Response 3. These data are now referenced by compound names.

 
Point 4. Clarity:
line 73: They do not overlap because of the different spatial arrangement of the substituents around the optically active (chiral) carbon atom.
*The identity of a structure with its mirror image is somewhat unclear by the statement above. Perhaps: "Their structures are non-identical because..." would be more clear.

 

Response 4. Accepted.

Point 5. line 77: In nature, ...
*The statements about the inherent handedness of molecules in nature are generally true but are not wholly accurate. The S enantiomer of cysteine is natural while glycine is achiral. Also L-fucose is a common L-sugar in mammals and many other L configured carbohydrates are common in microorganisms.

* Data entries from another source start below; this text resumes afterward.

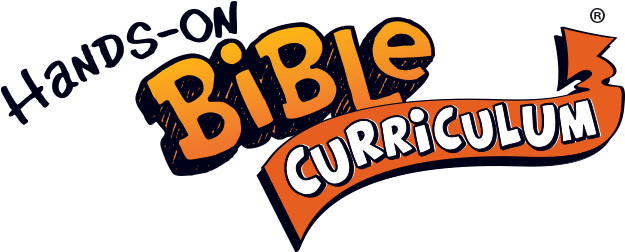 Hands-on Bible Curriculum - Hands-on Bible [book] (768x251), Png Download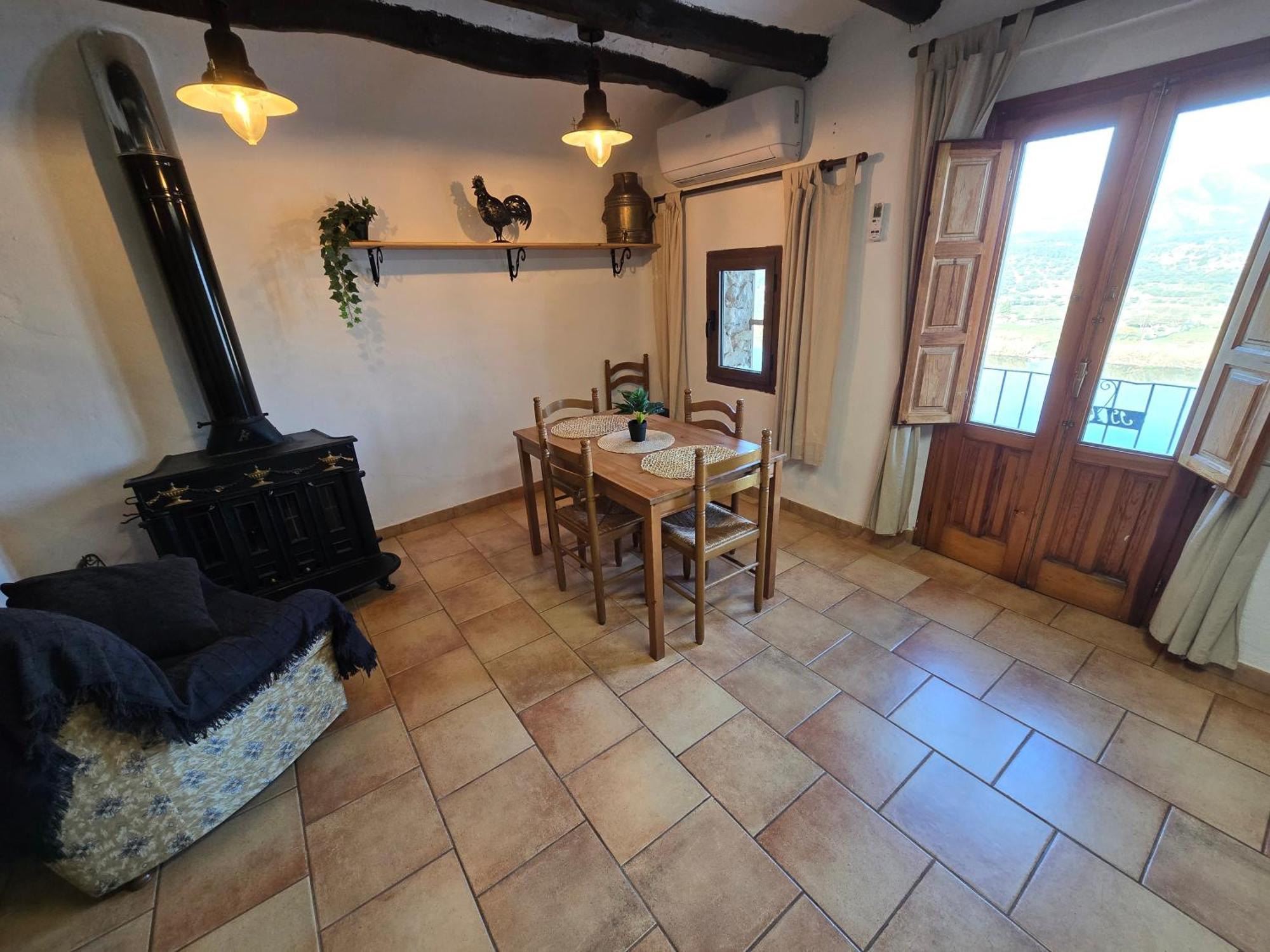 Casa Rural Griso Riba-roja d'Ebre Esterno foto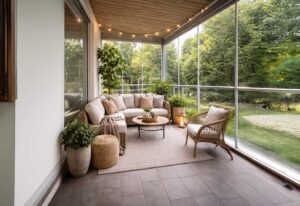 cam balkon modelleri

Some minor qualifying terms are necessary to make the claims wholly true.

Response 5. Corresponding corrections in the Introduction were made.

Point 6. Grammar suggestions:
line 19: All compounds contained a methyl group at the α-carbon atom of the benzyl moiety being R- or S-enantiomers.
line 48: Despite their structural similarity, receptors of the same family often have differences in ligand specificity, which seems to be related to their participation in the long-distance root-to-shoot signaling.
Line 102: To modify natural cytokinin N6-benzyladenine (BA) molecule with the α-methylbenzyl
chiral fragment, various 6-chlorosubstituted purines were introduced into the amination reaction with R- and S-(α-methylbenzyl)amine in the presence of Hunig’s base DIPEA
(Scheme 1) as was previously shown for non-chiral purine derivatives [19,20].

 

Response 6. All grammar suggestions were accepted with gratitude.